Custom Importer - Support for Oracle or XML
I know that some people use Oracle. I haven’t used Oracle so I don’t know what form a resulting row is like. If it is a standard .NET DataRow You should be able to use the SQL importer. If this is not the case you need to create a new DataMap Class and sitecore template similar to the field and property mappings above. You would do the same for importing XML as well. From here you can add fields to the template and add them as properties to the class. The class should inherit from BaseDataMap and call the constructor on the BaseDataMap on its own constructor. You will also need to implement a method called Process. You can largely just copy from the SQLDataMap.Process method and make changes to query the data and loop through the result set.

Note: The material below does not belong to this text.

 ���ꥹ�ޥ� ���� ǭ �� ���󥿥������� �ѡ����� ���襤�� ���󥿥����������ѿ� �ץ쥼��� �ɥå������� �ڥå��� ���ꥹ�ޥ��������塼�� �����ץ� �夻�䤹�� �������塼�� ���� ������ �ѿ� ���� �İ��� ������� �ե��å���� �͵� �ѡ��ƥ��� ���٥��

When you create a new import map type you will be iterating through a different object type instead of DataRow or Items. To support this type you'll want to add a FillField method to the BaseField class so that each of the existing field classes will be forced to implement it to handle consuming the custom row's specific object type.
To support the right-click insert options you'll also want to create a branch template with a Field Folder as a child item. Change the branch item icon to match the template icon and add the new branch template to the insert options of the Data Import Folder and Import Map Folder.